*ACTIVITY*
Please transcribe only the lines between the one containing "Enjoy Old Fashion" and the end of the records, both ends included, exactly as written; skip every picture.
____
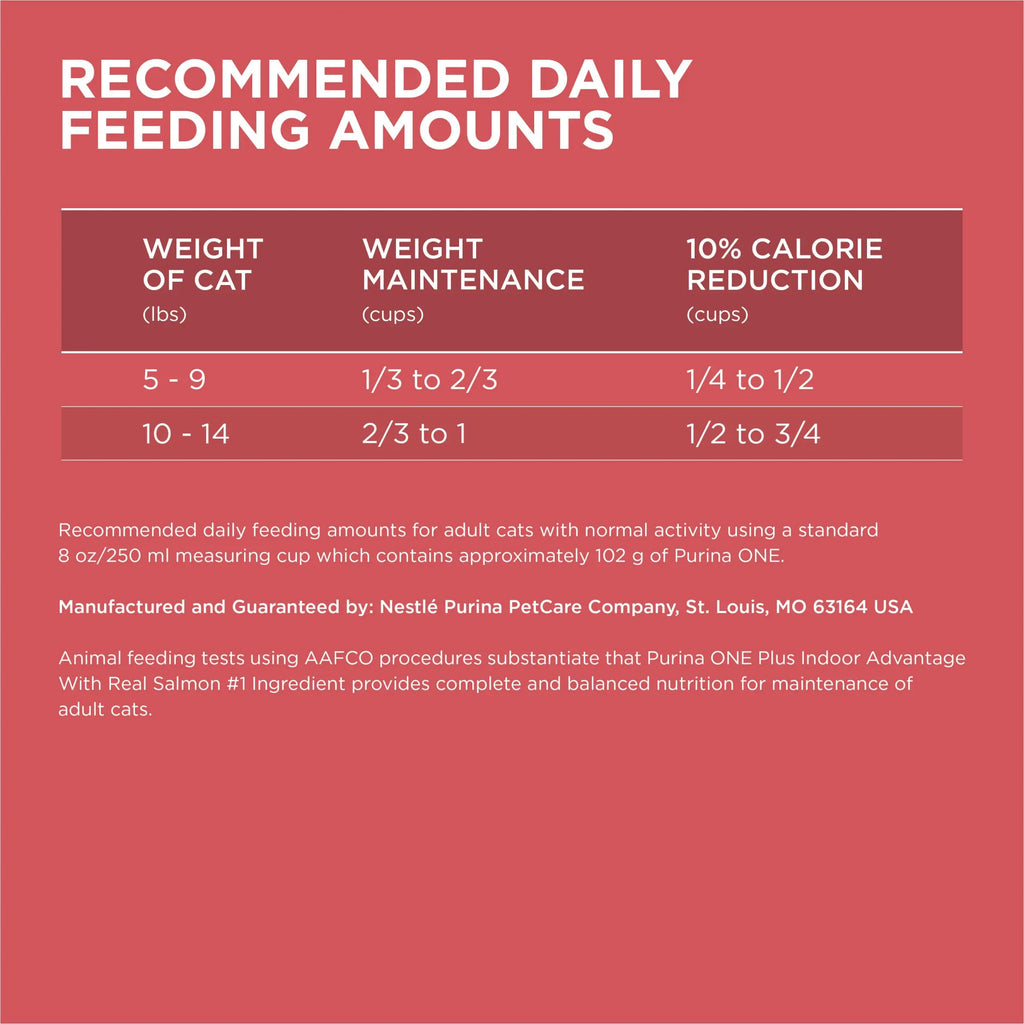 Purina ONE Natural Low Fat, Indoor Dry Weight Control High Protein Cat Food Plus Indoor Advantage with Real Salmon - 16 lb. Bag - FurrBaby Necessities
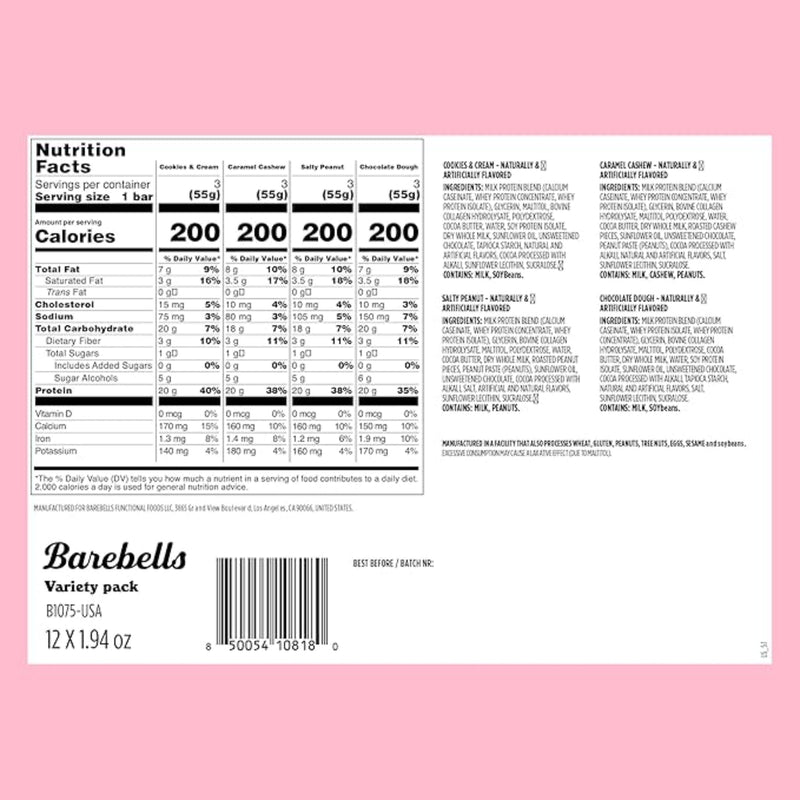 Barebells Protein Bars Variety Pack - 12 Count, 1.9oz Bars - Protein Snacks with 20g of High Protein - Chocolate Protein Bar with 1g of Total Sugars - Perfect on The Go Protein Snack & Breakfast Bars
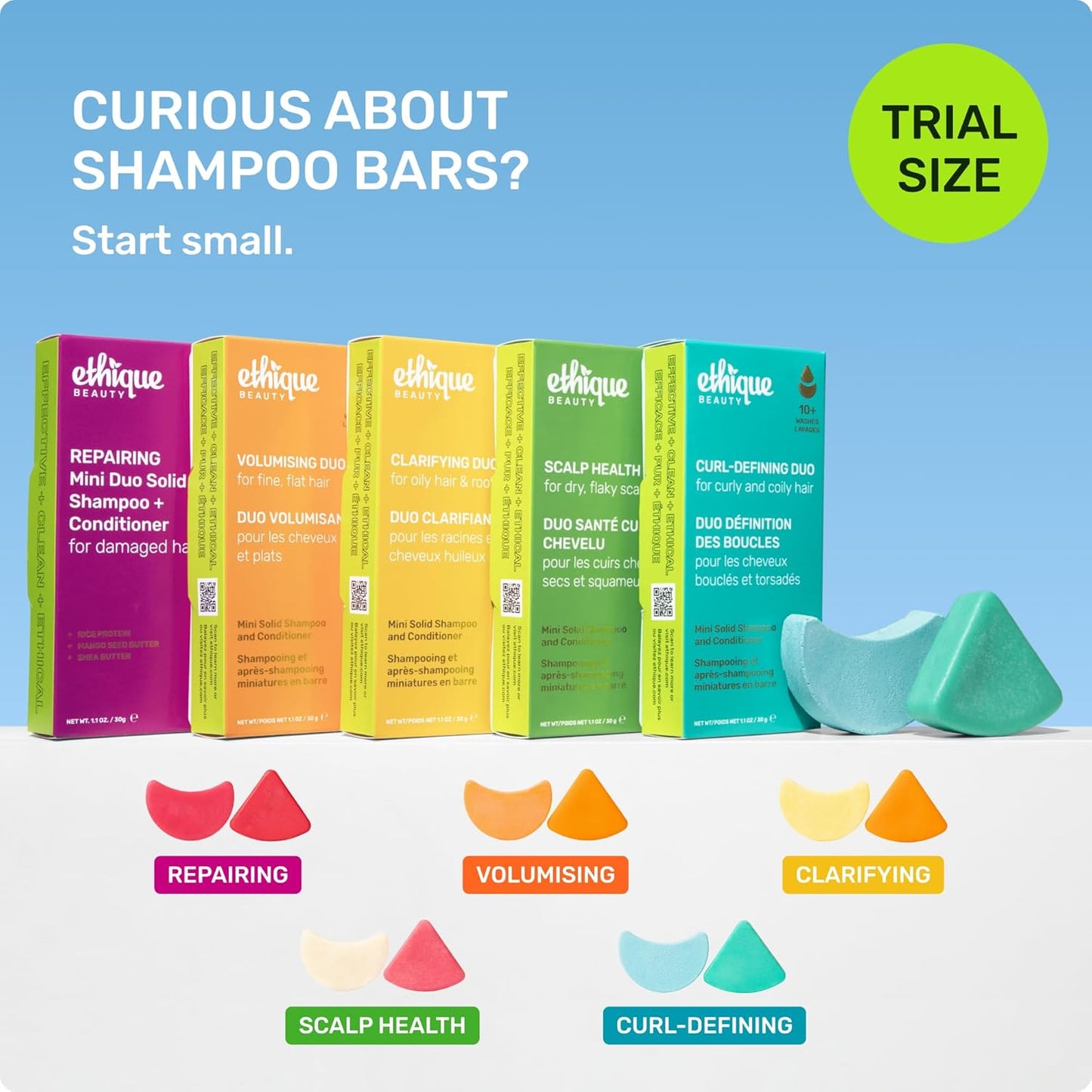 Ethique Beauty Mini Sampler Solid Shampoo & Conditioner Bar Set - Rice Protein Repairing Shampoo & Conditioner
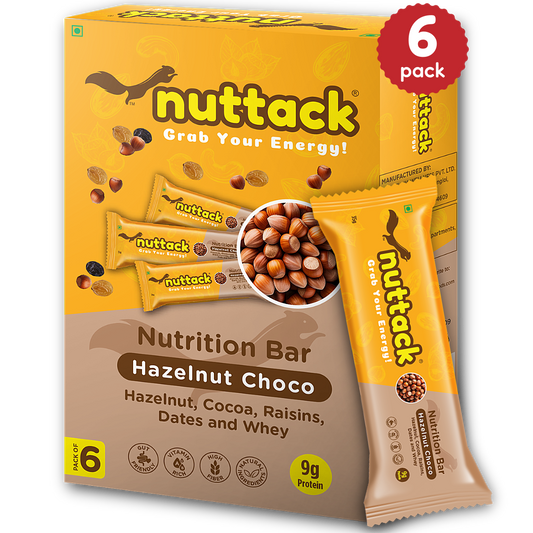 Hazelnut Choco-Nutrition Bars with 9g Protein (Pack of 6)
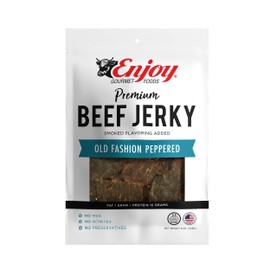 Enjoy Old Fashion Peppered Beef Jerky 8 oz (Pack of 1) | Traditional Style | High Protein | Low Fat | Zero Trans Fat | No Preservatives | No MSG | No Nitrites | USA Made | Resealable Bag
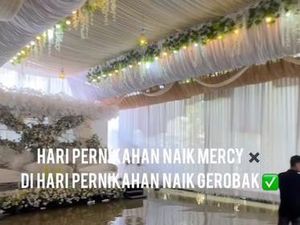 Pengantin Naik Gerobak Menuju Pelaminan, Bukan Mau Viral Tapi karena Ini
____
*TASK SOLUTION*
 Enjoy Old Fashion Peppered Beef Jerky 8 oz (Pack of 1) | Traditional Style | High Protein | Low Fat | Zero Trans Fat | No Preservatives | No MSG | No Nitrites | USA Made | Resealable Bag
 Pengantin Naik Gerobak Menuju Pelaminan, Bukan Mau Viral Tapi karena Ini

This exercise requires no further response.